When lemmatizing, there is the possibility to use a "stop-list" of common word-forms.
In that case, Program Lemmatize will skip over such forms, and allow the user to concentrate
on the less common, and therefore more significant, forms.
Mode: Global change of sense code across texts
Programmed but still to be written up here.
The database
The database consist of several plain-text files. The structure of these files, and even their number, is not finalized.
They are not fully "normalized" in the database sense, as it is easier to update them manually like this.

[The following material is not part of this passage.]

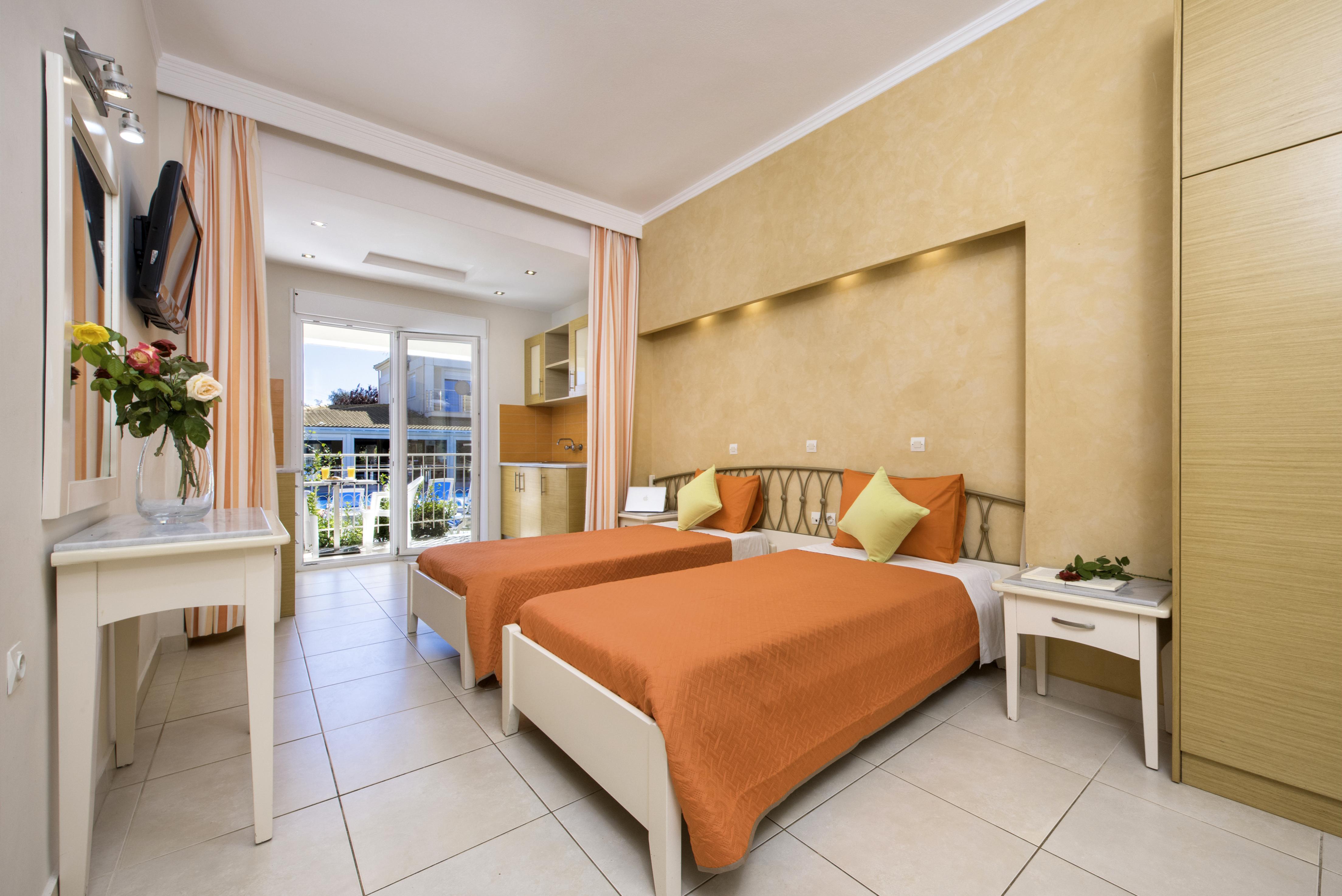 Room, Double or Twin Bed, Pool Side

When their content is more complete, it is expected they will be put fully in normal form.
The set of plain-text files at present consists of:
• the forms file (not used at present)
• the formsenses file
• the formsenseexamples file
• the decompositions file
• the decompositionexamples file
The content of the database is specialized towards handling the spelling found in the texts of the Ulaidh collection,
including phonetically-reasonable variants.
It is far from complete, and will be incrementally developed, as more texts are lemmatized.
Similar databases could be constructed for the orthographies of other text collections.
Program Lexicon (see below) provides facilities for manipulating this database,
including conversion of the set of plain-text files to a SQLite database.
The formsenses file
Data about these forms is maintained manually in a plain-text file, called formsenses.txt.
The file will contain a record for every distinct sense of every distinct word-type, ie. every distinct type/sense combination.
There may also be separate records for different morphological categories of a type/sense, even when homonymic. This is still being refined.
A record contains a number of fields as follows. (The fields are re-ordered here, for ease of explanation; in the file they are ordered for ease of maintenance.)
FORM 1– 23 the form as found in text, but lowercased and (except when the mutation is permanent) demutated
SENSE 24– 38 the sense, an arbitrary code; serves a similar function to FGB's superscripts and numbered divisions
KEY_RAW 126–159 form+sense — this field uniquely determines the following fields until otherwise stated
SORT 464–467 controls the order in which the senses for a form should be displayed by programs, eg. during lemmatisation of that form in a text
ORTHOG_1 160–177 provisional orthography for this form+sense, unifying variants which imply no phonetic difference,
e.g. gáiridh may be unified with gáirí; but a' ( < an) may not be unified with an
USAGE 178–226 may contain example of use, to guide human application
STATUS 227–255 may contain comment such as "unused" or "no example in texts so far lemmatized"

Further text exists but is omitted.